Improvement of diagnostic performance with the acceptance of ROC analysis provided cut-offs for some assays pointed out the importance of the verification of manufacturer-provided cut-off values on the local population. The choice of the cut-off is highly dependent on the intended use of the assay with the imperative for a minimum of false-positives for detection of the acquired immunity (27). Also, the results of our study suggest that the choice of the cut-off might be related to the time from the symptoms onset or RT-PCR test for asymptomatic individuals.
Despite the prejudices of the unreliability of SARS-CoV-2 rapid serological tests, the results of our study showed that the reliability is manufacturer-dependent. LFIC assay format is easy to handle but the important drawback of this technology is the high impact of the test performer on the result, including the manipulation with the sample and buffer and, most important, the interpretation of the faint bands. Although we tried to minimize the bias in interpretation, significant discrepancies between manufacturer declared sensitivities and those obtained in our study for two LFIC assays could be partly attributed to this problem.

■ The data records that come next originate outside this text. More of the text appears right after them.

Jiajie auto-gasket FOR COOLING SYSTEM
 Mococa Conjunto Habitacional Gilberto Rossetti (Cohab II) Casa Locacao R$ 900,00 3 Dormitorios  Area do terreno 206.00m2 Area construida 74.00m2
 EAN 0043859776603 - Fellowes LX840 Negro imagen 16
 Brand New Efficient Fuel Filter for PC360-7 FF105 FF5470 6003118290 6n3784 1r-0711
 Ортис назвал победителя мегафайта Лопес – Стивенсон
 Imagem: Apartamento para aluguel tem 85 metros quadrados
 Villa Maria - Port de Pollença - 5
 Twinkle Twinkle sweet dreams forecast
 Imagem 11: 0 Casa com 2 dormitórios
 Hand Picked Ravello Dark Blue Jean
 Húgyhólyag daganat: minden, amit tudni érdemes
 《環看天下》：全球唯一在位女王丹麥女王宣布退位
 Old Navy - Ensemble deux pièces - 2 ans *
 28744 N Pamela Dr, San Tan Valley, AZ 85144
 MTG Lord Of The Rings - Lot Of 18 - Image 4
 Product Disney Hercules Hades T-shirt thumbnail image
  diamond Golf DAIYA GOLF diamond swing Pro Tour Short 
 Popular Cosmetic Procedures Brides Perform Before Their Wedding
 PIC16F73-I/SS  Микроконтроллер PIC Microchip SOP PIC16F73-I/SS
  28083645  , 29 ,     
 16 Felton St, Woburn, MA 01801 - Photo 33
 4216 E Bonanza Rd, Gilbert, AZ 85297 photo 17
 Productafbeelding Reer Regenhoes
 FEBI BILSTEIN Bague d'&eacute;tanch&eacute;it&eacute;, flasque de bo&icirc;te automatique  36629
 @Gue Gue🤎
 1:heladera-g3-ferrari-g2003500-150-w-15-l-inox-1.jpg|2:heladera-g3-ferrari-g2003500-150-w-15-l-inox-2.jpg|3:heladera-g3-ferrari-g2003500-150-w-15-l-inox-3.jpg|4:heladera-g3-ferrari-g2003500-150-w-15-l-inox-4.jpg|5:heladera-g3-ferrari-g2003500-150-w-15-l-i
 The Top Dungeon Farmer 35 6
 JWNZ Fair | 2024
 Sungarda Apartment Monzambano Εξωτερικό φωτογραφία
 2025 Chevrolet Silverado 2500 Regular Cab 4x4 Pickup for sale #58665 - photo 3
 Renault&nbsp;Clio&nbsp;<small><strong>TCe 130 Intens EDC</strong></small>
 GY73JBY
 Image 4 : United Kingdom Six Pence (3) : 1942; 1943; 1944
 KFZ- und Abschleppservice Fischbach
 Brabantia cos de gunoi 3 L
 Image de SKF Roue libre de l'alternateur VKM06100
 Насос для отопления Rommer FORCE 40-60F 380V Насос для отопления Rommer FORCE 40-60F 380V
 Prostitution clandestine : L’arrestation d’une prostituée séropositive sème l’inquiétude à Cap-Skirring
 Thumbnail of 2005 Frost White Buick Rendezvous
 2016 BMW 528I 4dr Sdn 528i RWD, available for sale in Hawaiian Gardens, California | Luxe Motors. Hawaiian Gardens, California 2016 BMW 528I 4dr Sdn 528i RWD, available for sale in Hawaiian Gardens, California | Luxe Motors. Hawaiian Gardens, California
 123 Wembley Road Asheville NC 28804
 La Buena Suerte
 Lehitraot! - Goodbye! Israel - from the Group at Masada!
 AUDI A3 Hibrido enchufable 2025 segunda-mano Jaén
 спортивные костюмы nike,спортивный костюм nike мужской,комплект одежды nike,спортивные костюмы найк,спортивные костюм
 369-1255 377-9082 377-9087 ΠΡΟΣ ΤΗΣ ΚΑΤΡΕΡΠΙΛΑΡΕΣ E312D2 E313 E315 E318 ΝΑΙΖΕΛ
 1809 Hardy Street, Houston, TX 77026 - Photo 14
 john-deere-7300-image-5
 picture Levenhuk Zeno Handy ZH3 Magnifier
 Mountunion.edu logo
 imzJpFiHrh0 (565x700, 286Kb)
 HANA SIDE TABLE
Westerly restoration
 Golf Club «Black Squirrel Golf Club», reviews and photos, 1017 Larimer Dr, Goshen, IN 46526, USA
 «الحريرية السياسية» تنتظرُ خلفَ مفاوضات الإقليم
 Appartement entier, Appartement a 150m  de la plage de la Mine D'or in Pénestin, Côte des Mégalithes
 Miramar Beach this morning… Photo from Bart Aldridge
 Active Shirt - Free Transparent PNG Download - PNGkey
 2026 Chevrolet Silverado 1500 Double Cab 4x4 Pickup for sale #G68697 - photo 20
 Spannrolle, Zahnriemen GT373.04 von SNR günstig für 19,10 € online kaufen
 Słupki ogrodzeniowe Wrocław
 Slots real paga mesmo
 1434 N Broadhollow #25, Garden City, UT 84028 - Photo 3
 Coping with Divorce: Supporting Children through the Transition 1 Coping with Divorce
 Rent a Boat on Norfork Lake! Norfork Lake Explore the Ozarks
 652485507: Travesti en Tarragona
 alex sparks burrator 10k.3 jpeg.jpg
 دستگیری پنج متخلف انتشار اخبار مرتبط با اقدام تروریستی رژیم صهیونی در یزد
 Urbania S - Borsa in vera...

Advantages of rapid assays are easy handling, no need for extra instrumentation, low volume of sample, the possibility of the whole blood application, and fast results. On the other hand, advantages of conventional assays are automation, avoidance of the prolonged exposure to biological material, available quality control that assures batch-to-batch reproducibility and results that are not prone to subjective interpretation. Numeric results could provide added value in the assessment of the intensity of the immunologic response and also allow the adjustment of the cut-off according to ROC analysis performed on the representative population.
The strengths of this study are related to the experimental design and effort to compare eight differently designed assays (rapid and conventional, manually and fully automatic). The majority of studies presented sensitivities and specificities of different SARS-CoV-2 serological assays while our study additionally evaluates the agreement of the results between tested assays.
Although this is not the first study that compares several different serological SARS-CoV-2 assay methods, to the best of our knowledge, Lumiquick IgG/IgM and Biozek IgG/IgM as rapid assays and Vircell IgM+IgA/IgG as an ELISA method were not previously compared to other assays included in this study.
The low number of participants, especially those with a duration of the symptoms less than 10 days is the limitation of the study. Additionally, to determine the specificity of the SARS-CoV-2 serological assay, the use of prepandemic samples would be the most correct approach.
In conclusion, our study confirmed that the selection of the appropriate time-frame for testing is crucial for the proper investigation of immunity, which can be very challenging among asymptomatic persons. There is high variability between IgM SARS CoV-2 serological assays independently of the assay format. On the contrary, IgG assays showed moderate to perfect agreement. We observed a higher diagnostic accuracy of IgA in comparison to IgM SARS CoV-2 serological assays.